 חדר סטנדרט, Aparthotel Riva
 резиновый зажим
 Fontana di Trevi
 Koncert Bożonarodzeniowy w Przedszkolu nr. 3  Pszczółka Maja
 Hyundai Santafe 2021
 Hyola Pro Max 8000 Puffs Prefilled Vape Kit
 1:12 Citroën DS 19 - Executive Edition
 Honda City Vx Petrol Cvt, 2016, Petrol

==

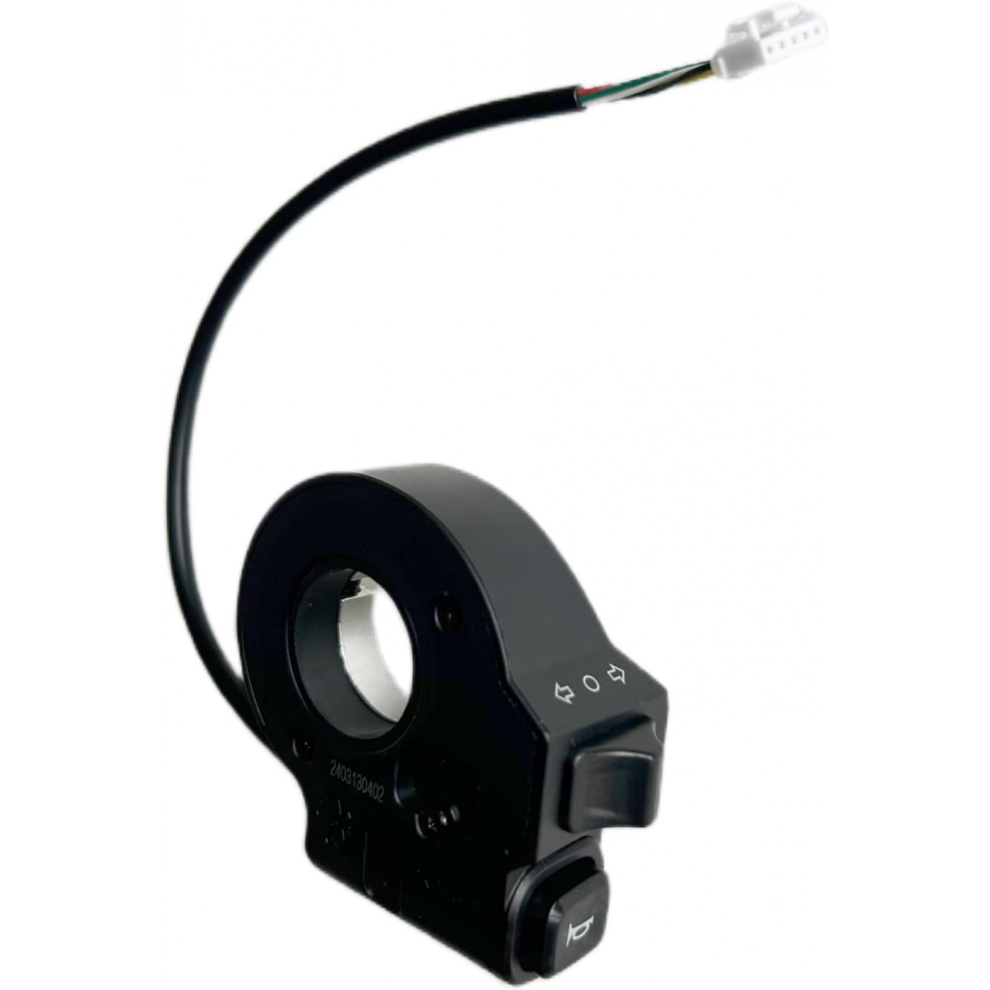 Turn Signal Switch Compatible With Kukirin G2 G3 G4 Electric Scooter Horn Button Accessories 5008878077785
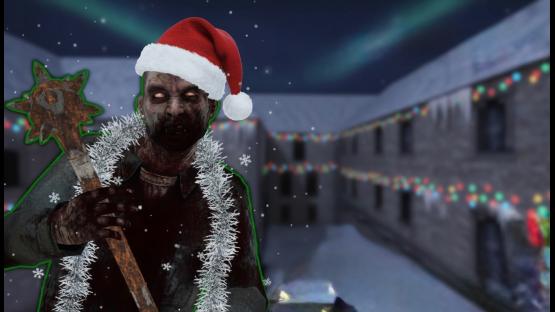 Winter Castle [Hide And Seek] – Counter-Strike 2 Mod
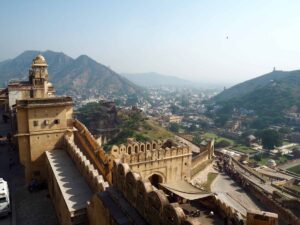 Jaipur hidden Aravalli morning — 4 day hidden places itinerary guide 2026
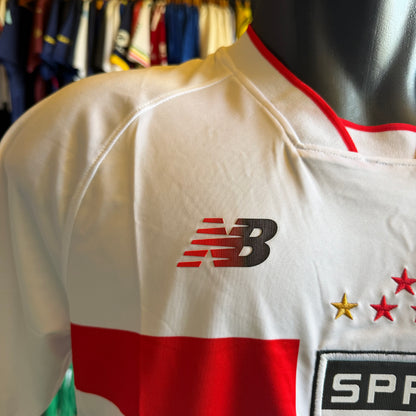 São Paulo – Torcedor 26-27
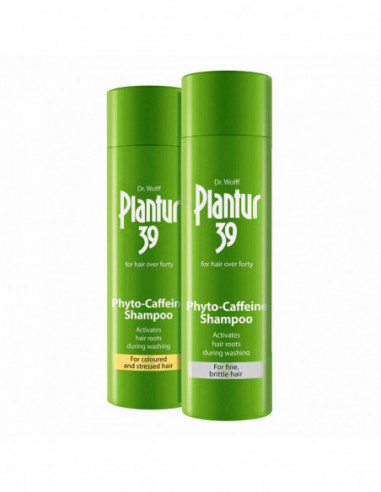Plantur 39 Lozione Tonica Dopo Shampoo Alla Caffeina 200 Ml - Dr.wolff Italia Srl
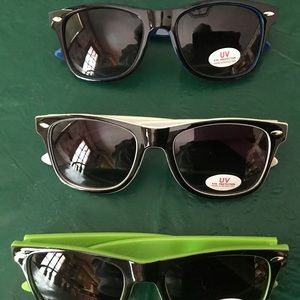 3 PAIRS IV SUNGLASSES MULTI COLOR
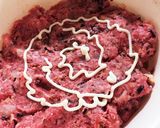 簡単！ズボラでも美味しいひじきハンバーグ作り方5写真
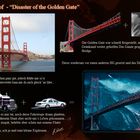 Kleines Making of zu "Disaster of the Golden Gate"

--

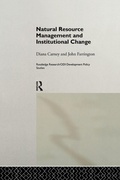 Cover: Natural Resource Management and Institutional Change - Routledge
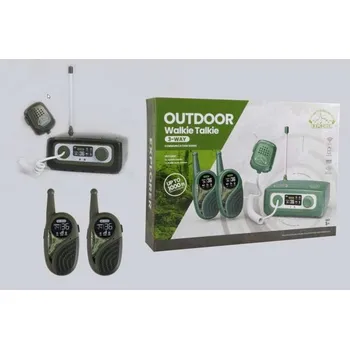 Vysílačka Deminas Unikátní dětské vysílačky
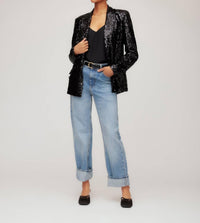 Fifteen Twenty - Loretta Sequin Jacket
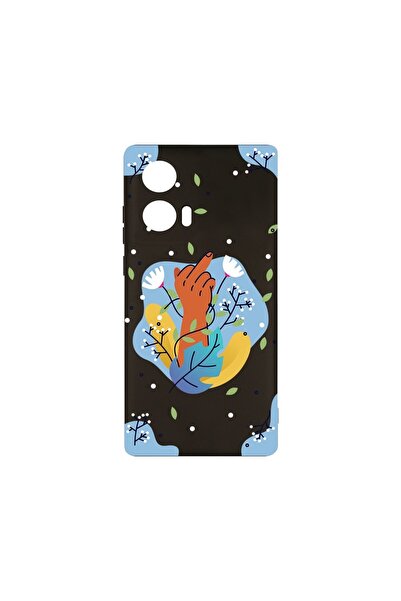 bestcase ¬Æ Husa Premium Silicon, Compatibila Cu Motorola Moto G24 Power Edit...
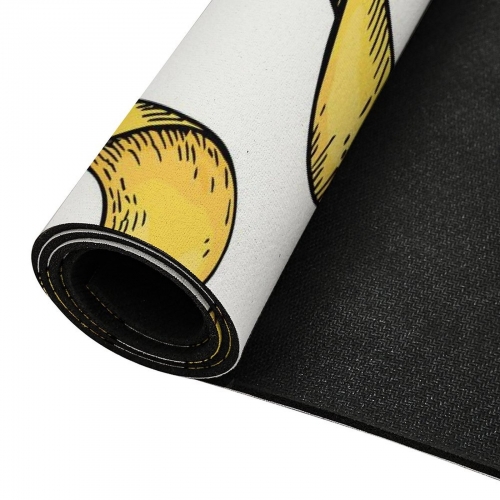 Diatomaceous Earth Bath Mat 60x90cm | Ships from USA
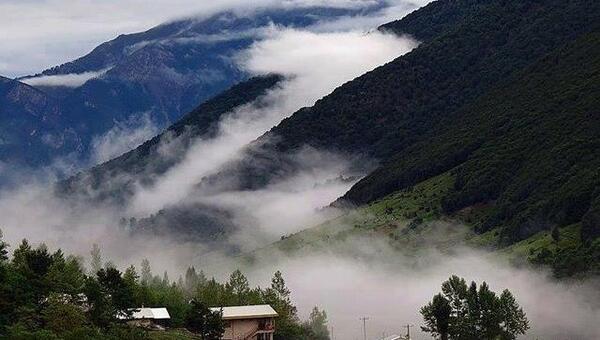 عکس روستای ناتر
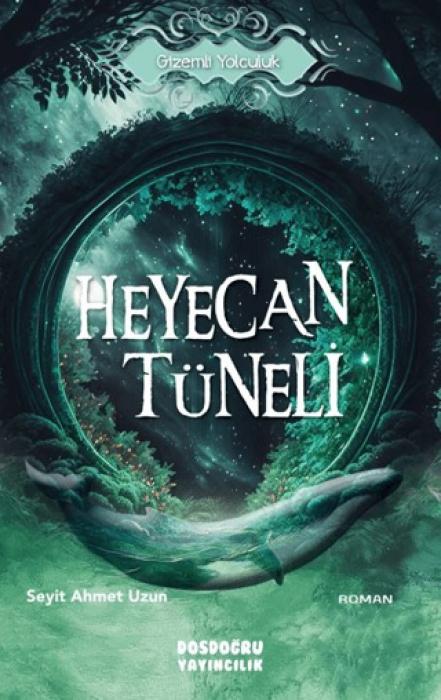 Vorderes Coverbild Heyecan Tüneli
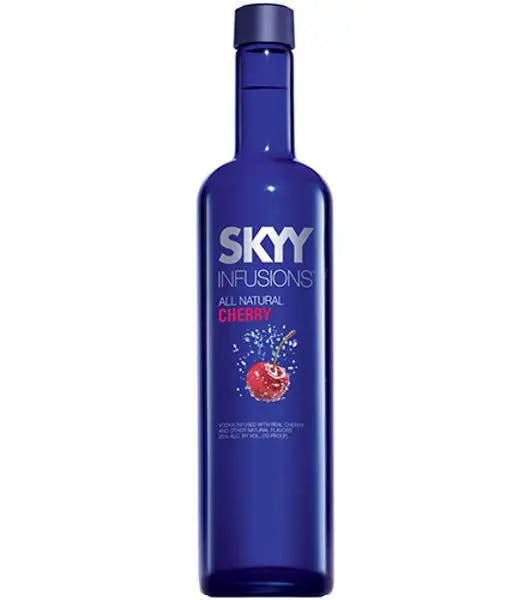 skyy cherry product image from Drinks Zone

YOUR ASSIGNMENT:
Using the entries above, repeat only the lines from the one containing "חדר סטנדרט, Aparthotel Riva" through the one containing "Honda City Vx Petrol Cvt, 2016, Petrol", end lines included.

TASK SOLUTION:
 חדר סטנדרט, Aparthotel Riva
 резиновый зажим
 Fontana di Trevi
 Koncert Bożonarodzeniowy w Przedszkolu nr. 3  Pszczółka Maja
 Hyundai Santafe 2021
 Hyola Pro Max 8000 Puffs Prefilled Vape Kit
 1:12 Citroën DS 19 - Executive Edition
 Honda City Vx Petrol Cvt, 2016, Petrol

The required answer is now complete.